CHICAGO — Yu Darvish made exactly 30 starts each of his first two seasons in San Diego. But a bone spur in his elbow cut the 2023 season short. The elbow was barking again last year when a personal matter led to an extended leave of absence.
And it was the reason he spent the first three months of this season on the injured list.
After his final start of the regular season, the 39-year-old right-hander indicated he was ready to leave it all on the mound in the postseason.
“Once you go into the playoffs, it’s like you don’t necessarily care if you’re going to break,” Darvish said last weekend.
As for what that means for Darvish for the rest of a contract that runs through 2028, his focus was singular as he spoke ahead of his assignment in a win-or-go-home Game 3 on Thursday at Wrigley Field.
“Right now, I just can’t see that far away,” Darvish said through interpreter Shingo Horie. “I’m super focused on what may happen tomorrow.”
And there will be a tomorrow.
Adrián Morejón, Mason Miller and Robert Suarez took the baton from Dylan Cease on Wednesday as the quartet combined for 11 strikeouts, one walk and a hit batter in a 3-0 win.
Now, Darvish will start an elimination game against the team that sent him to the Padres in December 2020 for a package that was essentially about the big-market Cubs shedding salary and the small-market Padres improving their big-league product.
Only one of the four prospects the Padres traded away, Owen Caissie, has graduated to the majors — and he ended the season on the injured list with a concussion.
Meanwhile, Darvish has won 44 games for the Padres in the regular season and three more in the playoffs.
Last year, Darvish was brilliant in his two Division Series starts against the Dodgers.

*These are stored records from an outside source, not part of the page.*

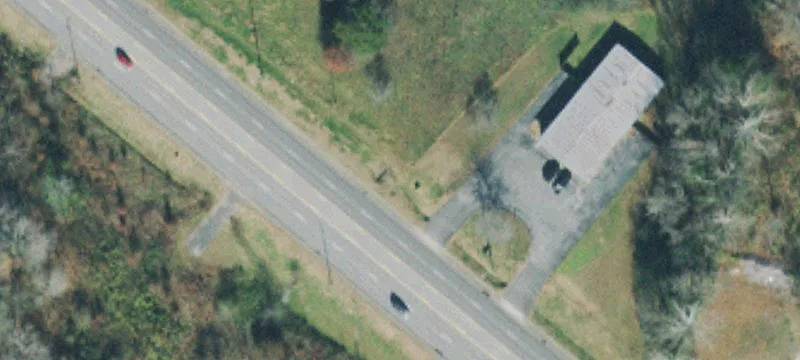 Retail Building with Road Sign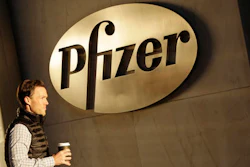 In this Monday, Nov. 23, 2015, file photo, a man enters Pfizer's world headquarters, in New York. Pfizer is buying biopharmaceutical company Medivation in a deal valued at about $14 billion. Medivation Inc.’s stock soared more than 19 percent in Monday, Aug. 22, 2016 premarket trading.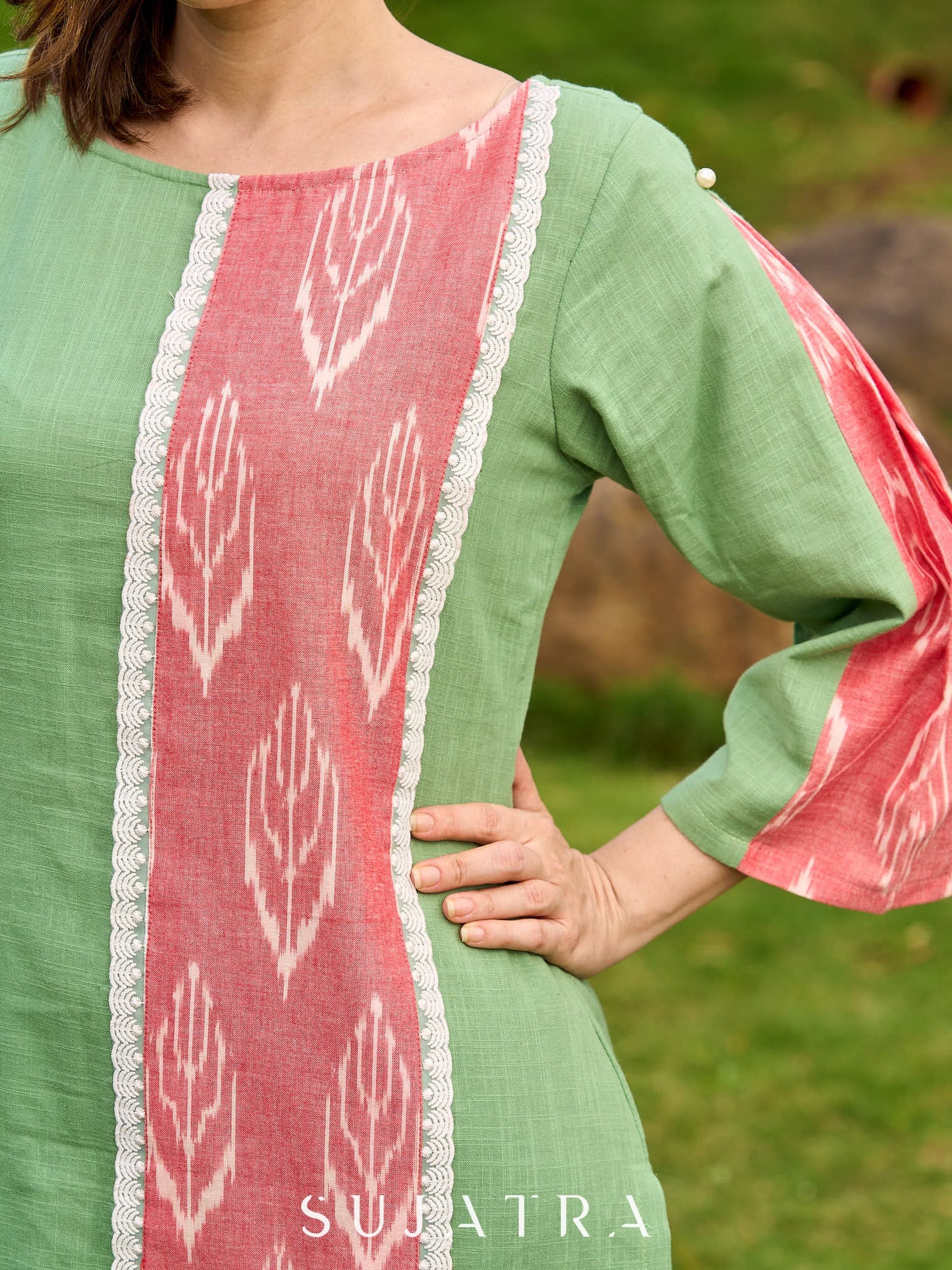 Subtle Pista Cotton Kurta featuring Asymmetric Peach Ikat Border Detailing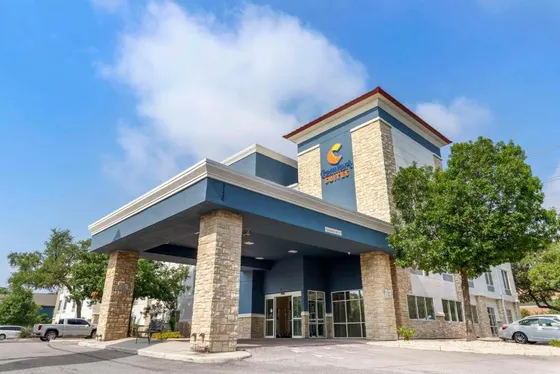Blue and gray hotel with a stone canopy and Comfort Suites sign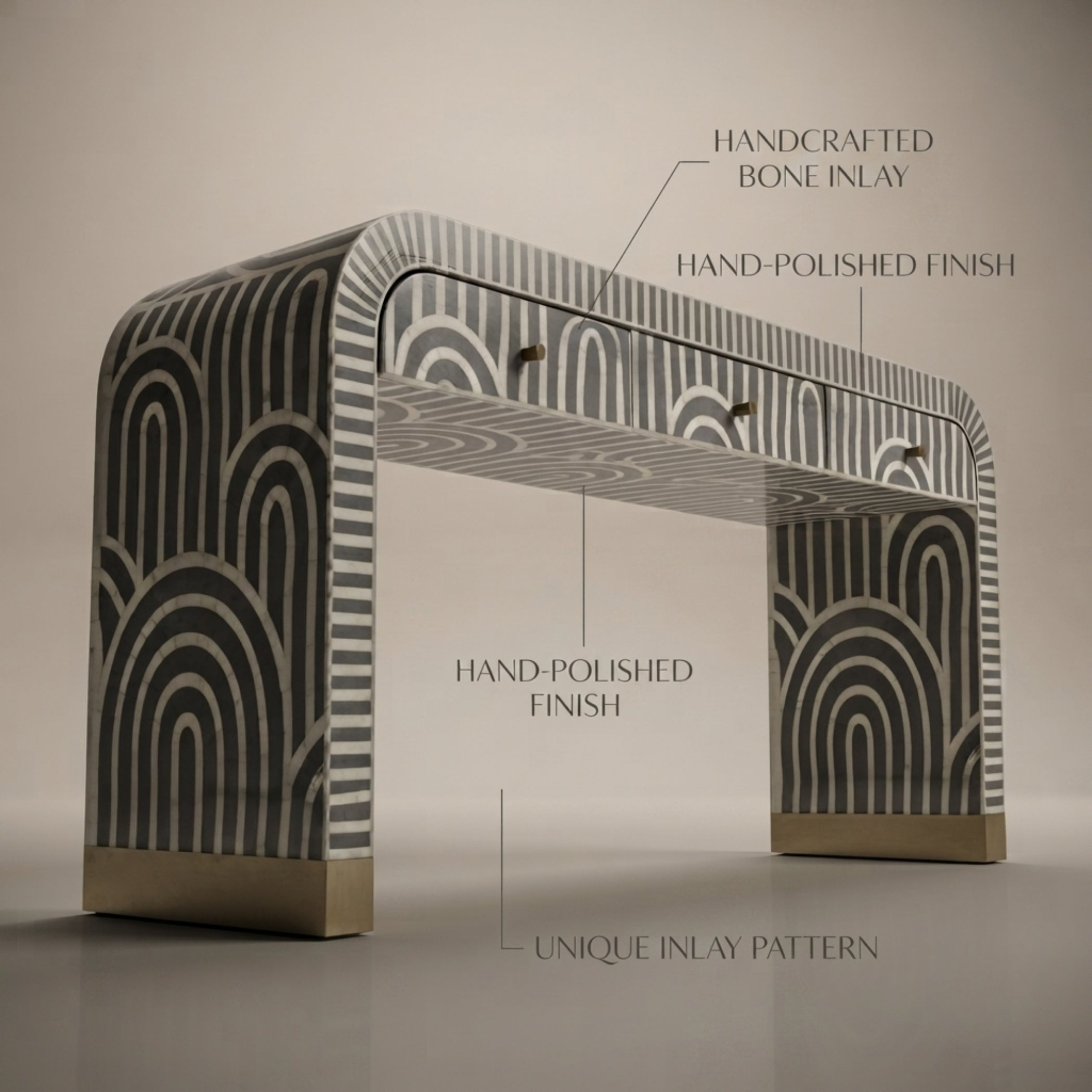 A console table with a black and white geometric inlay pattern and gold-toned metal bases, shown with text callouts highlighting its handcrafted bone inlay, hand-polished finish, and unique inlay pattern.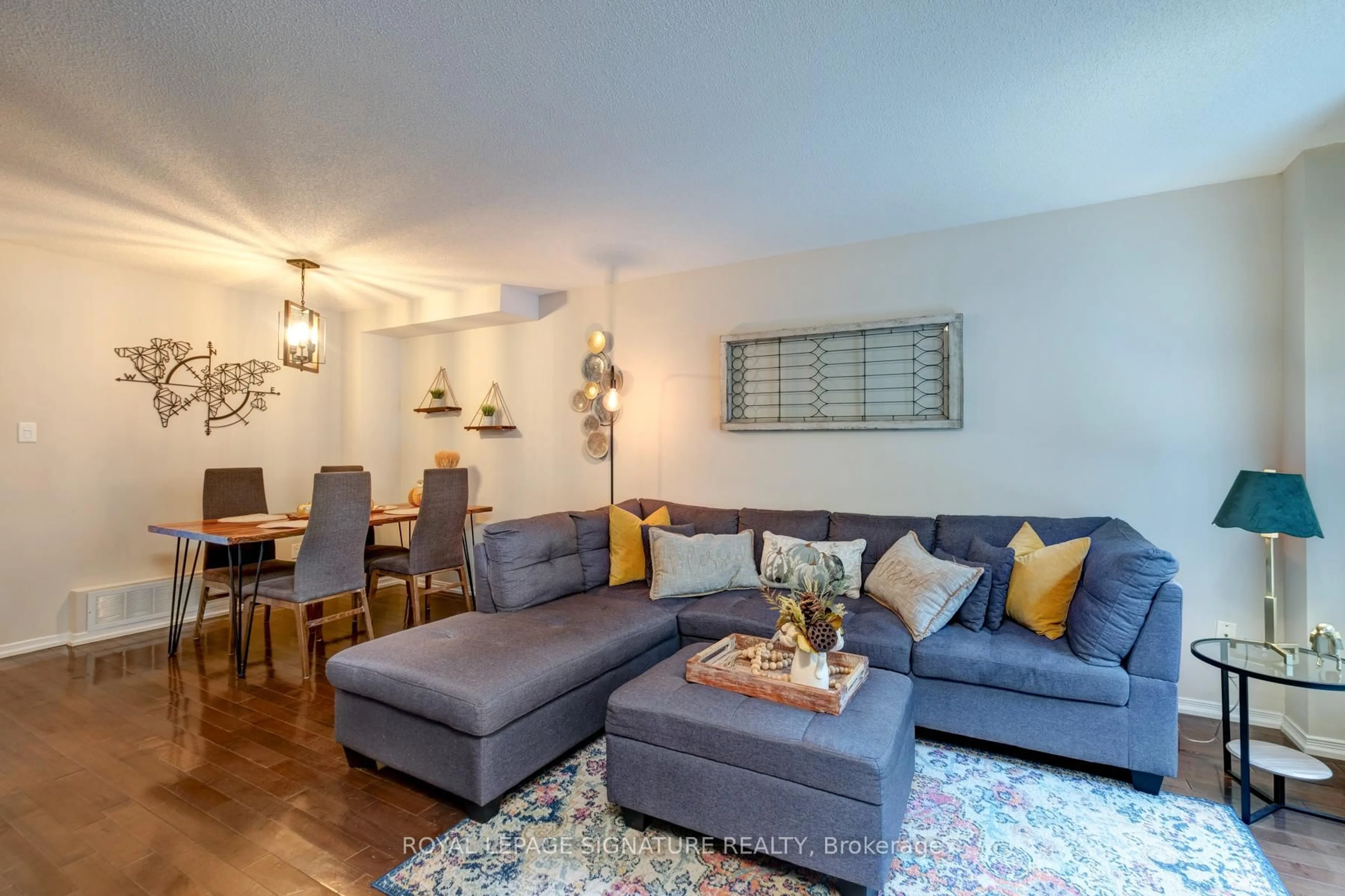 Living room with furniture, wood/laminate floor for 21 Trent Ave, Toronto Ontario M4C 5C6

He turned in seven innings of one-run ball in a Game 2 win and gave the Padres more than a chance (6 ⅔ IP, 2 ER) to win that year’s elimination game.
It’s been a chore to get back to that level after starting the year on the injured list.
His 5.38 ERA is the worst of his career, as is his strikeout rate (8.5 per nine innings) and home run rate (1.8 per nine innings). His one true gem was the seven shutout innings he threw at the Mets on just 76 pitches. He topped 90 pitches just once in 15 starts, but truth be told, the Padres have been more interested in quality over quantity while assessing what Darvish could do ahead of their bullpen in a postseason game.
All along, the elbow has been a factor as he searched for a way — and a lower arm slot — to pitch while clearly compromised.
“Yeah, I struggled a whole lot, obviously, with the elbow situation, and it was very tough to deal with,” Darvish said. “I had a lot of great support from the organization, from our staff, which was super helpful. Right now I just feel fortunate to be here to be able to pitch.”
Still, the Padres feel just as fortunate, too.
Nick Pivetta pitched well enough to pitch Game 1. Cease got the shutout started in Game 2. With Michael King still not back to being Michael King, they can still hand the ball to a pitcher who’s made 297 regular-season starts during his 13-year career and has a 2.58 ERA in seven postseason starts since that disastrous 2017 World Series for the Dodgers against the trash-can-banging Astros.
As Padres manager Mike Shildt likes to say, “It’s Yu Darvish” — and he’s as good an option in an elimination game as anyone.
“He’s a big-game player,” King said. “Every single time he’s pitching in a big game, I’ve got the utmost confidence in what he’s about to do.”